Bayesian regression method for low-noise data that accounts for model misspecification uncertainty.
more information / graphics coming soon to this page!
scikit-learn compatible implementation here
Julia implentation here
Try it out! online demo from Kermode group comparing multiple regression schemes.
Standard Bayesian regression (e.g. BayesianRidge) estimates epistemic and
aleatoric uncertainties, but provably ignore model misspecification- errors arising from limited model form (see example below). In the low-noise (weak aleatoric / near-deterministic) limit, weight uncertainties (sigma_) are significantly underestimated as they only capture epistemic uncertainty, which decays with increasing data. Any remaining error is attributed to aleatoric noise (alpha_), which is erroneous in low-noise settings.
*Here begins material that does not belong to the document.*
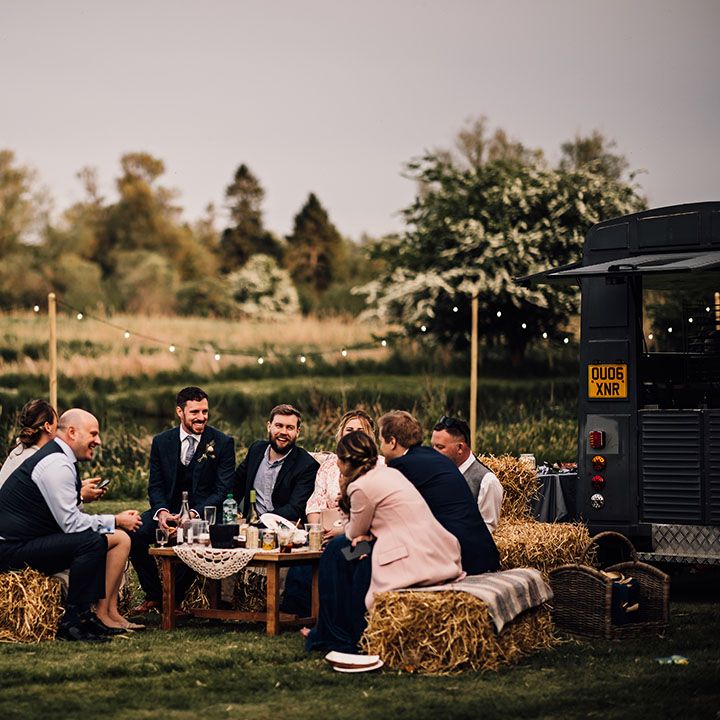 Wedding guests sit on hay bale seats as they talk around a table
POPSRegression efficiently estimates model misspecification uncertainty
via the Pointwise Optimal Parameter Sets (POPS) algorithm, finidng parameter perturbations that would fit each training point exactly.
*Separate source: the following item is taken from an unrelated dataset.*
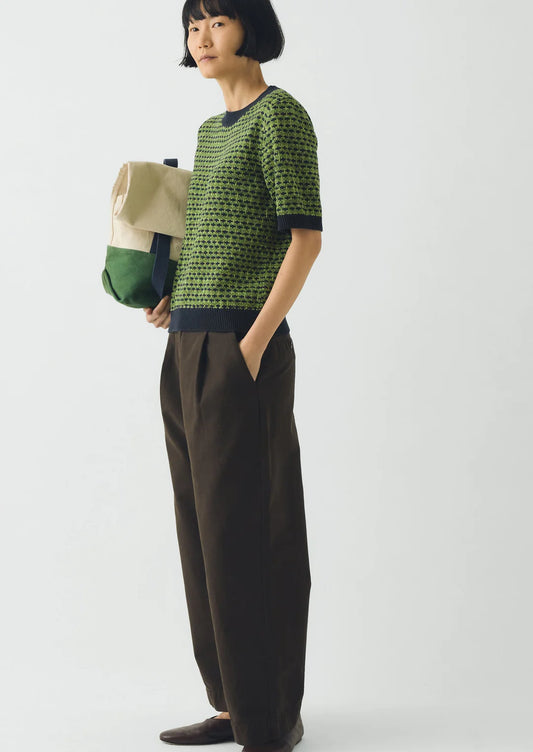 Person wearing a green patterned sweater and brown pants, holding a beige bag on a white background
The result is wider, more honest uncertainty estimates that properly cover the true function, even when the model class cannot perfectly represent the target.
The misspecified, near-deterministic regression problem that POPSRegression addresses is particularly relevant to the fitting of surrogate simulation models in computational science, i.e. interatomic potentials,where by construction the optimal surrogate model is structurally unable to capture the target function exactly.